Po przywróceniu przez Sejm święta Trzech Króli w kalendarzu mamy już 13 wolnych od pracy dni świąt państwowych i kościelnych. 8 z nich świętujemy w dni robocze, a 5 w sobotę i niedzielę. Ale posłowie znieśli przy okazji przepis o obowiązku dawania pracownikom innego wolnego dnia, jeśli ustawowe święto przypada w wolną sobotę. W rezultacie w 2011 r. powrót Trzech Króli nie zwiększy nam liczby wolnych od pracy dni – będzie ich 113. Gdy doliczymy 26 dni przysługującego nam (najczęściej) urlopu, to okaże się, że średnio odpoczywamy już przez 3 dni w tygodniu. Daleko odeszliśmy od biblijnego tygodnia, w którym dzień odpoczynku wypadał po 6 dniach pracy.
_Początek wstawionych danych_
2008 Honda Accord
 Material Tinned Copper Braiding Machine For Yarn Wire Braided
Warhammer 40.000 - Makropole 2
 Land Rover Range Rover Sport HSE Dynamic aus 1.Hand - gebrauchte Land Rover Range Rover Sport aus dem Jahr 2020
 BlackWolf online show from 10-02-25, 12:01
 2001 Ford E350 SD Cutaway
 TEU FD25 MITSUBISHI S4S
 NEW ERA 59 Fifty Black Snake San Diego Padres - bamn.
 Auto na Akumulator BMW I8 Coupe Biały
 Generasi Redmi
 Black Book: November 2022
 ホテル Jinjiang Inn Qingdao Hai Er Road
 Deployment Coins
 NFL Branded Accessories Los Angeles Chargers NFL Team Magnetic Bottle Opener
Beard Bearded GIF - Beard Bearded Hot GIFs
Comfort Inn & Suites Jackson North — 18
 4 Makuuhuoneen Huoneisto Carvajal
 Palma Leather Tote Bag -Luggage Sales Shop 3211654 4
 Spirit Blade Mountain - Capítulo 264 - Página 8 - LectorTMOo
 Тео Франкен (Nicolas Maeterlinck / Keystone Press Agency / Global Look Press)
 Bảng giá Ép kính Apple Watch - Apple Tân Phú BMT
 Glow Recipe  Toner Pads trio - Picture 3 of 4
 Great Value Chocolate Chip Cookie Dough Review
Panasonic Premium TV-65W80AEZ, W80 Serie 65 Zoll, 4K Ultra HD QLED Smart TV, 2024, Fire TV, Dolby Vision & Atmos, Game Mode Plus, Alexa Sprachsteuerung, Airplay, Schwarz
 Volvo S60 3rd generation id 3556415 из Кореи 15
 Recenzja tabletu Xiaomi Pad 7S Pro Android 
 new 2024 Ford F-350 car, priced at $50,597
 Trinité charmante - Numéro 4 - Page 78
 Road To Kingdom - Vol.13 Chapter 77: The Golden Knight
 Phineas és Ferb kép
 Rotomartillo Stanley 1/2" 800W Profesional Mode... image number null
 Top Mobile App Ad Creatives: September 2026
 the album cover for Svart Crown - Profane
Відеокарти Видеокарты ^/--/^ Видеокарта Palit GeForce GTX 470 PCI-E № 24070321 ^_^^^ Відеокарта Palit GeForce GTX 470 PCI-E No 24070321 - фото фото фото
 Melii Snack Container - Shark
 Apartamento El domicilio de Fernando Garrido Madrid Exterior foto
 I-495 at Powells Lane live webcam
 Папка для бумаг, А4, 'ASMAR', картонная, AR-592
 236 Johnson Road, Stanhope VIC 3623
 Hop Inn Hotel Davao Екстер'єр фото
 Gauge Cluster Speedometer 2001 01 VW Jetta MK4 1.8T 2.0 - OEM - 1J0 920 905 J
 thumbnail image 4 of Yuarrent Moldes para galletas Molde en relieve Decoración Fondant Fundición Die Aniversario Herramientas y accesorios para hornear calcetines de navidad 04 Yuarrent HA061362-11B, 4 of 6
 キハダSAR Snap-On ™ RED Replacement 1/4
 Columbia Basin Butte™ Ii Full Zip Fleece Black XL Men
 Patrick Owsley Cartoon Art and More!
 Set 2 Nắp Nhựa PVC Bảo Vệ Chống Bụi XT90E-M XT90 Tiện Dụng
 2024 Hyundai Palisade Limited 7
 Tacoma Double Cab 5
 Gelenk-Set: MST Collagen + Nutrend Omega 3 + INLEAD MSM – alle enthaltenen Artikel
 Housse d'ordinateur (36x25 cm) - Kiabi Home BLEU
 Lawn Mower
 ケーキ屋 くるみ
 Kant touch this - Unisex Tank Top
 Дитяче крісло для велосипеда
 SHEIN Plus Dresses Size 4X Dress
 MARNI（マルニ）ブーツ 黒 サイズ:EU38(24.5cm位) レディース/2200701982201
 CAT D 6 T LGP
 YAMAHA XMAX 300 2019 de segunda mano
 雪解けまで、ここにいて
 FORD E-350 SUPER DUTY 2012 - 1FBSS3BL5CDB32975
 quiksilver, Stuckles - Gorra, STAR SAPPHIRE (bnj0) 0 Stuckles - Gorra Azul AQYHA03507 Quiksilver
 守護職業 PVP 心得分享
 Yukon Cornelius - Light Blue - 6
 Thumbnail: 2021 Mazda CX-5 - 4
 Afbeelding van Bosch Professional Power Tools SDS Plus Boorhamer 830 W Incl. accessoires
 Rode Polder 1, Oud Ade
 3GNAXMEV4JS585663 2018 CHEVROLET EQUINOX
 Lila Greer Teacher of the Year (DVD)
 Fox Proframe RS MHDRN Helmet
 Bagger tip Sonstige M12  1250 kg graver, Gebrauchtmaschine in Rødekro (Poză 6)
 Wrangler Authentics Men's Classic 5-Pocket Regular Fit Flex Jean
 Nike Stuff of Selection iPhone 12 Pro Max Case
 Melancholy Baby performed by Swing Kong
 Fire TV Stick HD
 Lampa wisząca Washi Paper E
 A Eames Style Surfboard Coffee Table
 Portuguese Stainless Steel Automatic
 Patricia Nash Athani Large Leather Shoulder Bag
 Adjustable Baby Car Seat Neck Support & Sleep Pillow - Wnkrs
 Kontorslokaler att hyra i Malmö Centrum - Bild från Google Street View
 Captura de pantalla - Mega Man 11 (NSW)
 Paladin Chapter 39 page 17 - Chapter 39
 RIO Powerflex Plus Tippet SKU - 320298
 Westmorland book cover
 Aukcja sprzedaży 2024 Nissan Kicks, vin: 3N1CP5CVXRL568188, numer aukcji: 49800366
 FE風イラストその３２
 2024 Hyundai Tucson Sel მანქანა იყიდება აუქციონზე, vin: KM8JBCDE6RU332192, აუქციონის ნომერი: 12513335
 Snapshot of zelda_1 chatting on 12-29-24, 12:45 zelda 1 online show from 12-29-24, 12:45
Ustawowe święta i weekendy, uzupełniane dniami z urlopu, umożliwiają tworzenie urlopowych pomostów. Pierwszy, zgodnie ze staropolską tradycją, mógłby nosić nazwę Szczodrych Dni. Obejmowały one okres od Bożego Narodzenia do Trzech Króli. Składano sobie wtedy rodzinne i sąsiedzkie wizyty, domy odwiedzali kolędnicy. W 2011 r. Trzech Króli wypada w czwartek i Szczodre Dni dałoby się wydłużyć do niedzieli 9 stycznia, budując w sumie 16-dniowy pomost. Można też było wybrać wariant krótszy, od 1–9 stycznia (9 dni, w tym 5 już wolnych od pracy).
Po Szczodrych Dniach długo będziemy czekać na święta wielkanocne, które z poprzedzającą wolną sobotą obchodzić będziemy 23–25 kwietnia. W kalendarzu leżą one blisko świąt majowych, stąd warto się zastanowić nad budową wielkanocno-majowego pomostu od 23 kwietnia do 8 maja (połowa z 16 dni i tak jest wolna od pracy). Można też wybrać pomost krótszy, od 30 kwietnia do 8 maja (9 dni, w tym 5 wolnych od pracy).
Kosztem jednego dnia urlopu zbudujemy 4-dniowy pomost związany ze świętem Bożego Ciała (23–26 czerwca).